To discover this, economists isolated income and donation through an instrumental variable. This means they used a variable unrelated to income but closely related to donation: Volunteering is driven by the charitable impulse, but because wealth doesn’t buy free time, income hardly affects volunteerism. Then, economists predicted donation rates based on volunteer participation and correlated the rates to income. The correlation was positive, so giving more instigates higher income. In a scenario with two identical families, if one gives away $100 more, that family will earn $375 more than its twin.
But why? There are several suggested reasons that giving boosts receiving. For example, a study from the University of Oregon discovered that charity stimulates regions of the brain associated with meeting basic needs, indicating that giving is essential to the human experience. Additionally, charitable individuals are often perceived favorably and promoted to higher-earning positions faster than their tightfisted peers. Finally, the more a community gives, the wealthier it becomes. Donations can push up the income of an entire nation: Over the past 50 years, American incomes have increased 150 percent (corrected for inflation) and donated dollars have risen about 190 percent.

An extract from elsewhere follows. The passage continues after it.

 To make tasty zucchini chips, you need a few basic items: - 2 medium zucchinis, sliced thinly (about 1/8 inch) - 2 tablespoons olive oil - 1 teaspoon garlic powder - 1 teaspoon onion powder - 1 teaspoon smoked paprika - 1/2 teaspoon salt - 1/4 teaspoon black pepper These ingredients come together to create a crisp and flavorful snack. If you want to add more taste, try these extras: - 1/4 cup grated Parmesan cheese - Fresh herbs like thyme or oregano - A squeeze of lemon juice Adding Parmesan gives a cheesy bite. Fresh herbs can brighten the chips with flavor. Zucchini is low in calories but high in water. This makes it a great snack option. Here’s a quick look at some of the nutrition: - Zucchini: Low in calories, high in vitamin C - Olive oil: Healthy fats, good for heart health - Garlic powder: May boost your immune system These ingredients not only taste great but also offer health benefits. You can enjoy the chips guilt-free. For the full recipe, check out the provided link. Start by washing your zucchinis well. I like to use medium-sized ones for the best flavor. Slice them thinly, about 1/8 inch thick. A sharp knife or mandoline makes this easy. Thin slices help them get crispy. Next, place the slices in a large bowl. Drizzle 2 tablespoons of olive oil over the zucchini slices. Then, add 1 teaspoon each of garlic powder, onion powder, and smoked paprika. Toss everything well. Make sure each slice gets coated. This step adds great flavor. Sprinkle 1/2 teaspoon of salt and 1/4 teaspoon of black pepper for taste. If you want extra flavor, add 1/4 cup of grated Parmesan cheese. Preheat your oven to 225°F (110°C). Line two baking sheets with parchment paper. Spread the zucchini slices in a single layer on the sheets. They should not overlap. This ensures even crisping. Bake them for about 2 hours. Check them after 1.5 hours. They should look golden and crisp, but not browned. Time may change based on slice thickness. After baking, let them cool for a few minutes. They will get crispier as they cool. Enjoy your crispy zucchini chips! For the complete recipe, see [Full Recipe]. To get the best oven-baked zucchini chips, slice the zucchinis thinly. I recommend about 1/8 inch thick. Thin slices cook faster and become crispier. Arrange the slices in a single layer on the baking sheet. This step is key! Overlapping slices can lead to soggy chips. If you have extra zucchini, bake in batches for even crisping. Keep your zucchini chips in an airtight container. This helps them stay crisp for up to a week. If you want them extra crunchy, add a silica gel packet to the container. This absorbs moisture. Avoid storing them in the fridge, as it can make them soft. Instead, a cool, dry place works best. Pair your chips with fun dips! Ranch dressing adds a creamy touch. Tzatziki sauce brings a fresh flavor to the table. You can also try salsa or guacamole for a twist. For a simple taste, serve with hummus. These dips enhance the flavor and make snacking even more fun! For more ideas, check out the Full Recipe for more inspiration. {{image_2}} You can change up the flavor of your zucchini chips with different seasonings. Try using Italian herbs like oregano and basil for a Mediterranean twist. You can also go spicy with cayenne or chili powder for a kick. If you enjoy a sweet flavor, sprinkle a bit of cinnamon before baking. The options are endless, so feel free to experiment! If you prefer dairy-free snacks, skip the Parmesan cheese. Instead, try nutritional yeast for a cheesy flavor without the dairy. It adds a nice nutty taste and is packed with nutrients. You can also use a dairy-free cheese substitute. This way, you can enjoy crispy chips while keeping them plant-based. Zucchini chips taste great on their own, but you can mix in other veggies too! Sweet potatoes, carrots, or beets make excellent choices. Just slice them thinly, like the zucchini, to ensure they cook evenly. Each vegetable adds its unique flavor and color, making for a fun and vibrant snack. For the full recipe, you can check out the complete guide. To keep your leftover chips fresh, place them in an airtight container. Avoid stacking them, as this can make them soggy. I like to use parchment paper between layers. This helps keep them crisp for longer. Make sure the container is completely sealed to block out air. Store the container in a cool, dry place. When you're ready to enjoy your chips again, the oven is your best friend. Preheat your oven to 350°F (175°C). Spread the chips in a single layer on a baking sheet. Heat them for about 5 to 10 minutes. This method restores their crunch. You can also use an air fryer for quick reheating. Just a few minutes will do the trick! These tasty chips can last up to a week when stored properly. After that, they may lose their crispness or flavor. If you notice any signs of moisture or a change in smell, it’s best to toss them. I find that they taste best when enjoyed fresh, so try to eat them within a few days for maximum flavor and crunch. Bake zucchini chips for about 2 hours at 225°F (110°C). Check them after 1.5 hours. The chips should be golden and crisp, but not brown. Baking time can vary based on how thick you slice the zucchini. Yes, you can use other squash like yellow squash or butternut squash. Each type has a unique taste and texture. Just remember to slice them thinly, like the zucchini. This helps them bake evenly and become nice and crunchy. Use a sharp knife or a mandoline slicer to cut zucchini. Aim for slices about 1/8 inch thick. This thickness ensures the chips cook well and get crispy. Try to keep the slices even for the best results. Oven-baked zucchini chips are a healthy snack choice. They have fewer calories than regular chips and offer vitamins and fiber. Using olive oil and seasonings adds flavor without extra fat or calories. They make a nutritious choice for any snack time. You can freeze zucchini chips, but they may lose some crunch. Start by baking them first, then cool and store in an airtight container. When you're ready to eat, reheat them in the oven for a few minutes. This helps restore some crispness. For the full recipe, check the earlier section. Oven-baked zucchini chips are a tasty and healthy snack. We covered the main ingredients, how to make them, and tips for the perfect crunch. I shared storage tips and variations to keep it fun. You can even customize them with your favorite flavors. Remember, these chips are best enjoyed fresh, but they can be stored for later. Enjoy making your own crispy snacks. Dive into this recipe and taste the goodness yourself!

All this indicates that charitable giving should be a top priority among those trying to build personal wealth. Still, when one is just starting out, finding the funds to give away isn’t always easy. Fortunately, there are a few ways anyone can kickstart their giving to see a dollar-and-cents return.
Ways to Give Without Impacting Budget
Money is the easiest way to give charitably, but it isn’t the only way. Here are a few tips and tricks to being charitable without draining a savings account:
Everyone has clothes they don’t wear, books they don’t read, and toys they don’t play with. Instead of rotting away in the back of a closet, these items can directly benefit people in need. While some charities are less choosy about the items they accept, others are particularly organized to use specific items for good; for example, charities focused on boat donation are finely honed to evaluate, refurbish, and sell watercraft, but they have little use for dollhouses or socks. Thus, donors need to be careful that they donate the right items to the right organizations.
Give Through Employers
Some employers offer benefit programs that match employee charitable contributions. Larger corporations will even match donations 100 percent, effectively doubling their impact. Workers can consult their HR departments or company websites to determine whether there exists a charitable matching program at their place of work. If there isn’t, a worker might drive the creation of one.
Use Giving Apps
Charity has gone digital, and there are several apps available to help people give during their daily lives. Here are a few popular options:
- Donate a Photo. For every photo received, Johnson & Johnson will donate $1 toward a designated charity.
- Charity Miles. For every mile traveled via walking, running, or biking, corporate sponsors will pay $.25 to one of 35 participating charities.
- Feedie. Participating restaurants donate to the Lunchbox Fund for every image of their food shared on social media.
- Charity Tap. For every tap, the app donates a grain of rice to the World Food Programme.
From the SCCBS survey, there is little indication that volunteering increases wealth. However, at the very least, doing good deeds has a positive impact on the community and triggers one’s sense of fulfillment. Until a person can increase personal wealth in other ways to give charitably, volunteering might be the only outlet for the drive to do good.